In addition to reduced battery capacity due to chemical reactions slowing down in cold weather, if the car has a resistive heater, it will account for a substantial chunk of battery power. Unlike a combustion engine where the heater gets its energy from waste heat from the engine’s cooling system, electric motors generate little waste heat and all heating energy drains the battery.
Starting in 2020, Tesla, Kia, Nissan, and Volkswagen have replaced resistive heaters on some models with heat pumps (on some makes and models this is an extra-cost feature). Volkswagen claims their heat pump restores around 30% of the range that would be lost to the resistive heater in weather around freezing outside.
Here is an article about electric vehicle heat pumps from Current Automotive, “Model Y is the first Tesla with a heat pump. Here’s why that’s a big deal.”
Can the sensors compensate for snow, either snow on the things which must be observed - like road signs and road markings - or on the apertures of the sensors, themselves?
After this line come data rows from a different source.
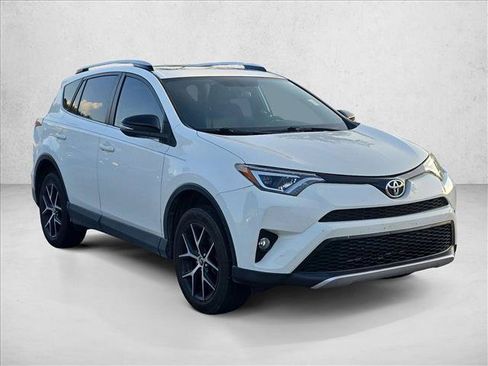 Used 2016 Toyota RAV4 SE FWD image 3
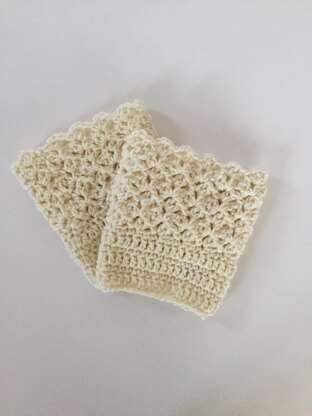 Queen's Lace Fingerless Gloves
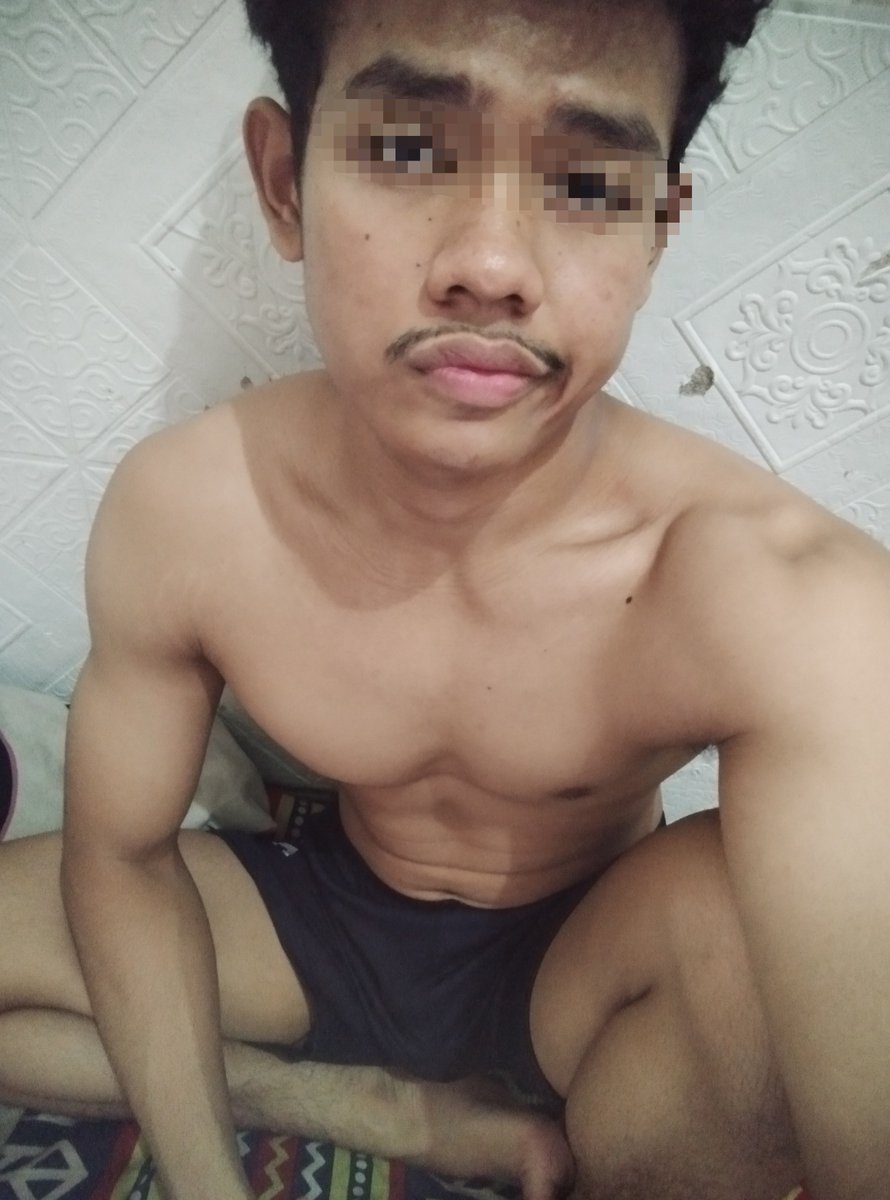 AyoYapping's tweet photo. Awokawokawok, gwe stres nugas ngga kelar-kelar! Lupa mandi, lupa makan, lupa gym, sampek beginilah keadaan gwe "kumel akut"

btw, p info sugar daddy! Mau langsung kaya aja 😭 https://t.co/DhaIoLhR4L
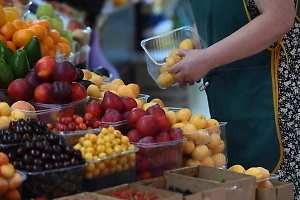 С пятнышками берём, сморщенные — нет: Роскачество и Life.ru назвали признаки идеальных абрикосов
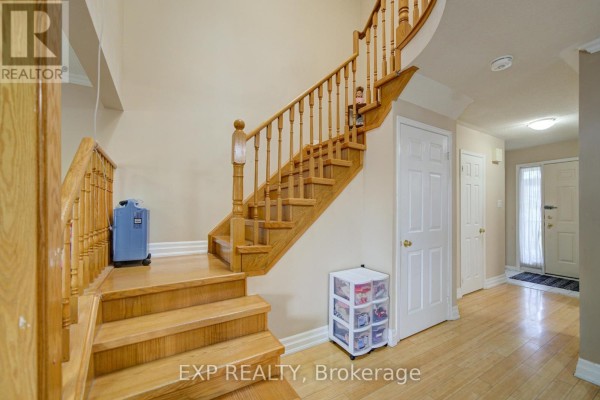 Eating area - 12 Staverton Court, Toronto, ON M1V5G9 Photo 4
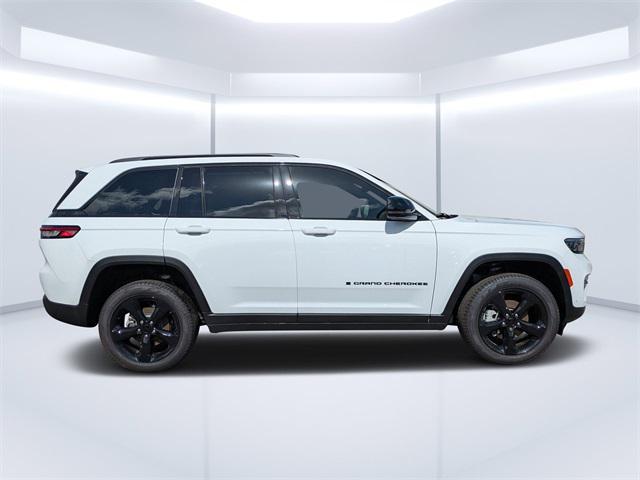 new 2025 Jeep Grand Cherokee car, priced at $44,360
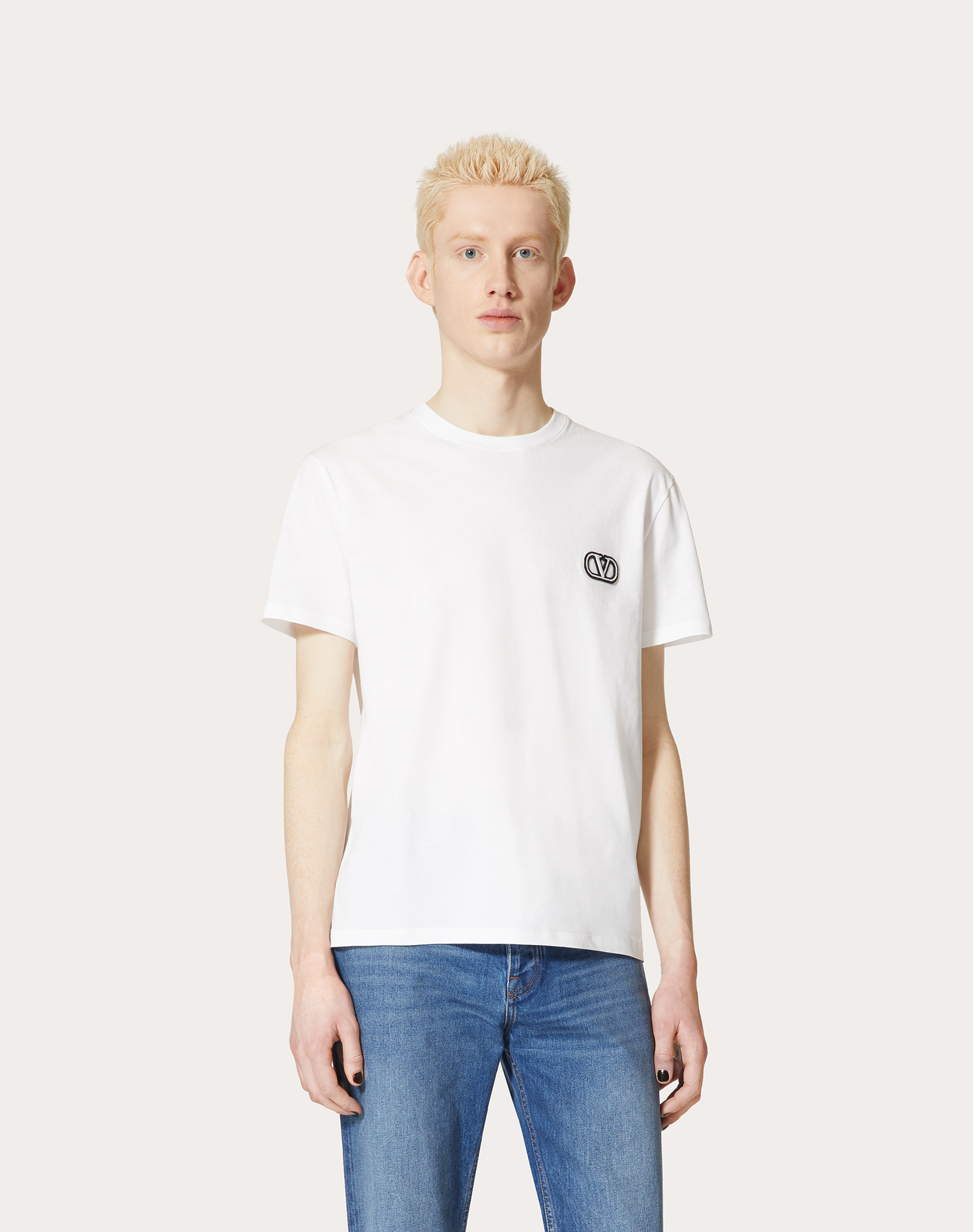 Valentino T-shirt With Vlogo Signature Patch In White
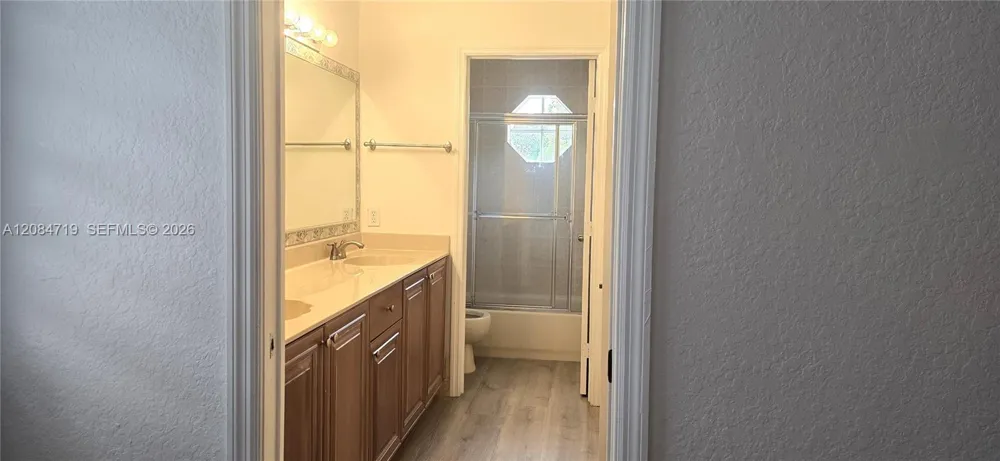 3670 SW 154th Ct Miami, FL 33185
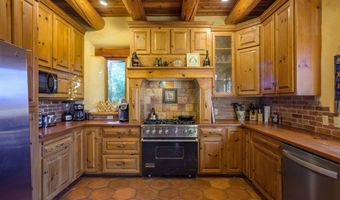 37 Gallina Canyon Rd, Valdez, NM 87580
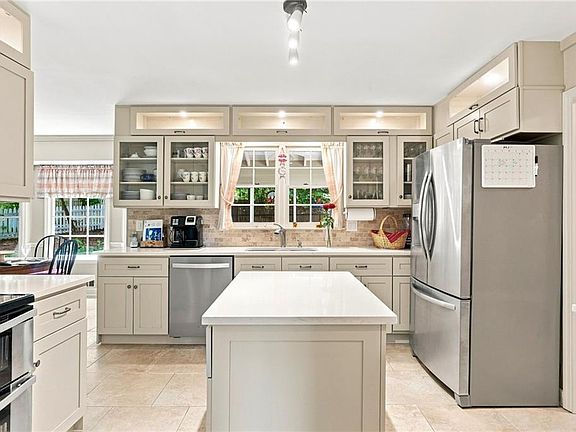 4th image of 9173 Eves Cir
The sensors on Teslas are just cameras with, I believe, some near infrared capability as well as visual light sensitivity. The front-facing cameras are inside the windshield and take advantage of the wipers and washer. The side cameras are set high to avoid dirt thrown up from the road. The rear camera may require cleaning. All of the cameras have heaters to deal with snow and fog accumulation: this is like the heaters in LED-based traffic lights for the inverse problem.
Obscuration of road signs is precisely as much a problem for the self-driving cameras as it is for human drivers. Presumably the goal is for the software to be trained to do as well as a human driver with the information available.